* _DATA UNDER STUDY_:

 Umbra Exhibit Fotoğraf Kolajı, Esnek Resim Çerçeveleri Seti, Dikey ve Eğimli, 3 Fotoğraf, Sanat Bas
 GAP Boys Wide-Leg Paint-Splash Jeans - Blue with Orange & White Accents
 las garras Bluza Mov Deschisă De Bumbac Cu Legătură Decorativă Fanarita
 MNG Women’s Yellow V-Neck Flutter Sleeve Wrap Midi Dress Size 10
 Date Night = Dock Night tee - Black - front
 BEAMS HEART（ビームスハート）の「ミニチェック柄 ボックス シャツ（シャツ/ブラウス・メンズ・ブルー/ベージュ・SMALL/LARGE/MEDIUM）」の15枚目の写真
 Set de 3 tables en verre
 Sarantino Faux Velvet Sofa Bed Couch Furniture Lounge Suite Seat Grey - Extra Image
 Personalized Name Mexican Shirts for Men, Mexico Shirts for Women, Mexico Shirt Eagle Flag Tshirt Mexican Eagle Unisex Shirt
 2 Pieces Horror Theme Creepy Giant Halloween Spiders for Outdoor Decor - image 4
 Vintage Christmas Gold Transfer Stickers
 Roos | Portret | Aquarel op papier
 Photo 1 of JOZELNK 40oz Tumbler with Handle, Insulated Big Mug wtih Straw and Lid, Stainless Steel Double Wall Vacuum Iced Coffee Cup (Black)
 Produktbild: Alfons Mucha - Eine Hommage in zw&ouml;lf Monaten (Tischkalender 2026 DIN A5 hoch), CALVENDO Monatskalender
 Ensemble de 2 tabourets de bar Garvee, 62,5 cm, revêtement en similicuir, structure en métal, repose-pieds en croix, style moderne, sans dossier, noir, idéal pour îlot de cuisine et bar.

* _WHAT YOU HAVE TO DO_: In the listing above, find the line with "Date Night = Dock Night tee - Black - front" and the line with "Sarantino Faux Velvet". Output those two lines and every line between them, exactly as written.

* _ANSWER TO THE PROBLEM_:
 Date Night = Dock Night tee - Black - front
 BEAMS HEART（ビームスハート）の「ミニチェック柄 ボックス シャツ（シャツ/ブラウス・メンズ・ブルー/ベージュ・SMALL/LARGE/MEDIUM）」の15枚目の写真
 Set de 3 tables en verre
 Sarantino Faux Velvet Sofa Bed Couch Furniture Lounge Suite Seat Grey - Extra Image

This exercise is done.